■ Exercise requirements:
Beneath this line are the data; copy exactly the part of them that opens with the line containing "Sterling Silver/Rhodium-plated Small" and closes with the line containing "蛇骨骼绑定动画模型3d素材o", and only that part.

■ Information supplied:
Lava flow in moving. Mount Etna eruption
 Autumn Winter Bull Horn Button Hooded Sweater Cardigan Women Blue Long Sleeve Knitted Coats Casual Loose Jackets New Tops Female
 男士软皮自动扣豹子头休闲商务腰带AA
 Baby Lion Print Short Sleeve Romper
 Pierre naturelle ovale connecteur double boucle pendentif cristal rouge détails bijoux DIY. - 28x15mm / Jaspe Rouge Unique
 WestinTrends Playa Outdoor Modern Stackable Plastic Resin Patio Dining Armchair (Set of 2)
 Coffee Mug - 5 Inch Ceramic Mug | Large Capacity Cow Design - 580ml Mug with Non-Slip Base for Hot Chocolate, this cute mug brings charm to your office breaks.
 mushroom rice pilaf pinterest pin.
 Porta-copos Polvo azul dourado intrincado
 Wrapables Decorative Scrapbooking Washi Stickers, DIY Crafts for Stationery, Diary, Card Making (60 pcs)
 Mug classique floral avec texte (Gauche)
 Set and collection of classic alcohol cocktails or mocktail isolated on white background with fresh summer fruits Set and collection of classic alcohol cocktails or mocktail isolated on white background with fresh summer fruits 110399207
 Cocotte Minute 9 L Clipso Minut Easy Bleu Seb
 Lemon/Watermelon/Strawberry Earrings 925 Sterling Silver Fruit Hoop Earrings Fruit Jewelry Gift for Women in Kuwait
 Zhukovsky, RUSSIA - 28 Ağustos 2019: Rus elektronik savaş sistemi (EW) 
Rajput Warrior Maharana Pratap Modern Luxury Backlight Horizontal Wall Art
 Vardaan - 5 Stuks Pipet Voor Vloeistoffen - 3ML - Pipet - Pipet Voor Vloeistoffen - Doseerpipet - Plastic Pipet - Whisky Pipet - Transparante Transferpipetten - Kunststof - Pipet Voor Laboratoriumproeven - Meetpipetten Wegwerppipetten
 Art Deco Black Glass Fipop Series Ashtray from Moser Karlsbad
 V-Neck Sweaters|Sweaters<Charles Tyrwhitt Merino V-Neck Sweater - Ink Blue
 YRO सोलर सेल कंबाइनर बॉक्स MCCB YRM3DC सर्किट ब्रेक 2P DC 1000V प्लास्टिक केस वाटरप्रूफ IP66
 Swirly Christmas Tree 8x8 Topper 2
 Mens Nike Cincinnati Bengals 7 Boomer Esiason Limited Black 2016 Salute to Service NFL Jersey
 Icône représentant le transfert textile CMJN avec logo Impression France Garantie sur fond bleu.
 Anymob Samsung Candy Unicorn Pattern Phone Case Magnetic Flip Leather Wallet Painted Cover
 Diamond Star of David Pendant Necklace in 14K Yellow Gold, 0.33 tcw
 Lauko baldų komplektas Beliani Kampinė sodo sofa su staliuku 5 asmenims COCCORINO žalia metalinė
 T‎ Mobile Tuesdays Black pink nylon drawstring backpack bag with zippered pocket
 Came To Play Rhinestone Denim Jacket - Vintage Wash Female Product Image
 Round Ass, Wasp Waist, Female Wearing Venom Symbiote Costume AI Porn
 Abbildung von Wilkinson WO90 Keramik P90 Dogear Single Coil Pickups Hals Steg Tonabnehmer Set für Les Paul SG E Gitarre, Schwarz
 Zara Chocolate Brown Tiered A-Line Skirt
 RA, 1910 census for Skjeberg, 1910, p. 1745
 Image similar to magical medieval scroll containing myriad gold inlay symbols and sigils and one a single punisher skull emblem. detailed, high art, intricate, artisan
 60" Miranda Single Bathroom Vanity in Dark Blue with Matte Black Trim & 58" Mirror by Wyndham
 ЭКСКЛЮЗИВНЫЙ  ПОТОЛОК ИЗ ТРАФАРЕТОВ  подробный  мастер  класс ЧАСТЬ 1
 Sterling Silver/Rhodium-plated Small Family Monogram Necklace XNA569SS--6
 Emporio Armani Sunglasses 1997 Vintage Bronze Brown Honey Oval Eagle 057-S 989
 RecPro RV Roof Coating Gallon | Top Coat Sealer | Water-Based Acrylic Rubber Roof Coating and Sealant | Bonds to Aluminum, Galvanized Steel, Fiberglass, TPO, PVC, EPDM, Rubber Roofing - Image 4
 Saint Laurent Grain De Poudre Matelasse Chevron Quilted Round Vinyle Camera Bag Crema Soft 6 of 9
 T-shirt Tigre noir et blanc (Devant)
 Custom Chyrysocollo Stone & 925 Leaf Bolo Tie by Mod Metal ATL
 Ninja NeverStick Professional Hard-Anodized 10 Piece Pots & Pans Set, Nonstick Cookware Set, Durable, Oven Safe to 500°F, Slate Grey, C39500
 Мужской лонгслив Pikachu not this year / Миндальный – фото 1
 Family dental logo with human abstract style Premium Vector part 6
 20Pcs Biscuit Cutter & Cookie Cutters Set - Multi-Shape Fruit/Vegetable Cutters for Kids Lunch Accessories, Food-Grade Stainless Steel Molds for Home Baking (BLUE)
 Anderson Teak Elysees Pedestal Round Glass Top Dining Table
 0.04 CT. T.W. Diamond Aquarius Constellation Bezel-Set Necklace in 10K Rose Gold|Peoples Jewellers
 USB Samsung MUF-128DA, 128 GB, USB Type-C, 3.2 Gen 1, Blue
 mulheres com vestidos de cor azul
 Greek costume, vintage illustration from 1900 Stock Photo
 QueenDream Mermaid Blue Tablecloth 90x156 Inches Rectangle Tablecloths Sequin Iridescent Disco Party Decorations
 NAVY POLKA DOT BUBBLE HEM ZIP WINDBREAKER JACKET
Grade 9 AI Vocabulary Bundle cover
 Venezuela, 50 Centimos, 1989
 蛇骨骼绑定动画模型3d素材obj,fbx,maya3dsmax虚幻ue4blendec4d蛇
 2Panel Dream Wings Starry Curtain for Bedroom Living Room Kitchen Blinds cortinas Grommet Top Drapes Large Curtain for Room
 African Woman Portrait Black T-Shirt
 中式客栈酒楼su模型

■ Reply to the task:
 Sterling Silver/Rhodium-plated Small Family Monogram Necklace XNA569SS--6
 Emporio Armani Sunglasses 1997 Vintage Bronze Brown Honey Oval Eagle 057-S 989
 RecPro RV Roof Coating Gallon | Top Coat Sealer | Water-Based Acrylic Rubber Roof Coating and Sealant | Bonds to Aluminum, Galvanized Steel, Fiberglass, TPO, PVC, EPDM, Rubber Roofing - Image 4
 Saint Laurent Grain De Poudre Matelasse Chevron Quilted Round Vinyle Camera Bag Crema Soft 6 of 9
 T-shirt Tigre noir et blanc (Devant)
 Custom Chyrysocollo Stone & 925 Leaf Bolo Tie by Mod Metal ATL
 Ninja NeverStick Professional Hard-Anodized 10 Piece Pots & Pans Set, Nonstick Cookware Set, Durable, Oven Safe to 500°F, Slate Grey, C39500
 Мужской лонгслив Pikachu not this year / Миндальный – фото 1
 Family dental logo with human abstract style Premium Vector part 6
 20Pcs Biscuit Cutter & Cookie Cutters Set - Multi-Shape Fruit/Vegetable Cutters for Kids Lunch Accessories, Food-Grade Stainless Steel Molds for Home Baking (BLUE)
 Anderson Teak Elysees Pedestal Round Glass Top Dining Table
 0.04 CT. T.W. Diamond Aquarius Constellation Bezel-Set Necklace in 10K Rose Gold|Peoples Jewellers
 USB Samsung MUF-128DA, 128 GB, USB Type-C, 3.2 Gen 1, Blue
 mulheres com vestidos de cor azul
 Greek costume, vintage illustration from 1900 Stock Photo
 QueenDream Mermaid Blue Tablecloth 90x156 Inches Rectangle Tablecloths Sequin Iridescent Disco Party Decorations
 NAVY POLKA DOT BUBBLE HEM ZIP WINDBREAKER JACKET
Grade 9 AI Vocabulary Bundle cover
 Venezuela, 50 Centimos, 1989
 蛇骨骼绑定动画模型3d素材obj,fbx,maya3dsmax虚幻ue4blendec4d蛇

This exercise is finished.